Der Streit darüber, ob Gold tatsächlich der beste Inflationsschutz ist, füllt mittlerweile ganze Bände. „Gold-Bullen“ und Bären führen ob dieser Frage beinahe schon einen Glaubenskrieg. In der Vergangenheit jedenfalls war es häufig so, dass reale Vermögenswerte wie eben Gold als Gewinner aus einer Phase mit hoher Inflation hervorgegangen sind. Steffen Orben begründet das folgendermaßen: „Über längere Zeiträume gesehen stellen Sachwerte immer einen Inflationsschutz dar. Gold ist ein Sachwert, Sachwerte werden in Geldeinheiten bezahlt. Wenn sich der Wert der Geldeinheiten verringert, steigt der Preis der Sachwerte an. Bei Gold kann man das seit den 1970er-Jahren beobachten, wenn man Zeiträume zwischen fünf und zehn Jahren betrachtet. Kurzfristig ist dieser Effekt nicht immer feststellbar.“ Auf die Frage, ob Gold auch diesmal wieder als Gewinner aus der dahingaloppierenden Inflation hervorgehen könnte, meint Peter Raddatz: „Eine Unze Gold hat heute die gleiche Kaufkraft wie vor 100 Jahren. Geld verliert ständig an Wert, man muss für die gleiche Ware immer mehr Geld hinblättern, das ist ein wesentliches Merkmal der Inflation. Ja, es spricht vieles dafür, dass Geld gegenüber Gold weiter abwertet, sprich der Goldpreis weiter steigt. Aber auch das Gold unterliegt Schwankungen. Aufgrund der Knappheit einerseits und der stetig steigenden Nachfrage andererseits gehen wir aber mittel- und langfristig nicht von sinkenden Goldpreisen aus.

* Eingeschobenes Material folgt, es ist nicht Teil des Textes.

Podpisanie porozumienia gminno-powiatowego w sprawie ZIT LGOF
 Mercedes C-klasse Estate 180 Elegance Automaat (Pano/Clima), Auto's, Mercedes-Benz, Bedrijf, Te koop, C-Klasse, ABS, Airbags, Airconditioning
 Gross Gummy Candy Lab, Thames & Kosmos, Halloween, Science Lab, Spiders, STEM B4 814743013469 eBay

In den letzten zwanzig Jahren hat sich sein Preis versechsfacht. Die Faktoren, die den Goldpreis antreiben, sind nicht weniger geworden.“

Peter Raddatz, Goldinvest Berlin:„Der Goldpreis hat sich in 20 Jahren versechsfacht. Die Faktoren, die ihn antreiben, wurden nicht weniger.“
Jörg Bayer, Raiffeisen Research:„Derzeit gibt es trotz der Credit-Suisse-Turbulenzen noch keine Bankenkrise, aber eine Vertrauenskrise.“

Gefahr für Schnäppchenjäger

Die Beliebtheit von Gold treibt im Internet seltsame Blüten. Websites locken mit Preisnachlässen und Rabatten zwischen zehn und 20 Prozent. Was von solchen Angeboten zu halten ist? Peter Raddatz von der Goldinvest: „Niemand verkauft ohne Not seinen Artikel unter dem Marktwert. Es sind plumpe, aber auch dem Original sehr ähnliche Fälschungen auf dem Markt. Gerade im Edelmetallsektor erkauft man sich Schnäppchen oft sehr teuer, nämlich, wenn es Fälschungen sind. Wer beim zertifizierten Händler kauft, ist auf der sicheren Seite. Die ausgehende Ware ist geprüft. Kein Edelmetallhändler wird ohne Prüfung Ware ankaufen.“

Reinhard Walz ergänzt: „In erster Linie zählt bei Goldgeschäften das Vertrauen. Wer mit Hausverstand vorgeht, ist gut beraten, wer auf Schnäppchen im Internet hofft, eher nicht. Die aktuellen Edelmetallpreise können jederzeit zum Beispiel im Internet überprüft werden. Aber warum sollte irgendwer darauf einen Preisnachlass von zehn oder 20 Prozent gewähren? Die Prägekosten von Münzen und Barren sind im Vergleich zu den Edelmetallpreisen gering und deshalb würde ich bei derartigen Angeboten immer etwas genauer hinschauen.“ Neben Münzen oder Barren erfreuen sich mittlerweile auch ETFs oder ETCs wie etwa Xetra-Gold steigender Beliebtheit bei Investoren. Steffen Orben, Geschäftsführer von Xetra-Gold, erklärt den Grund dafür: „Xetra-Gold bietet ein Goldinvestment zum Großhandelspreis in der kleinstmöglichen Stückelung von einem Gramm. Xetra-Gold lässt sich mit wenigen Mausklicks an der Börse kaufen und verkaufen.“ Jedes Stück Xetra-Gold sei zudem mit einem Gramm physischem Gold im eigenen Firmentresor abgesichert. Anteile können über Broker, depotführende Banken bzw. die Börse Frankfurt erworben werden.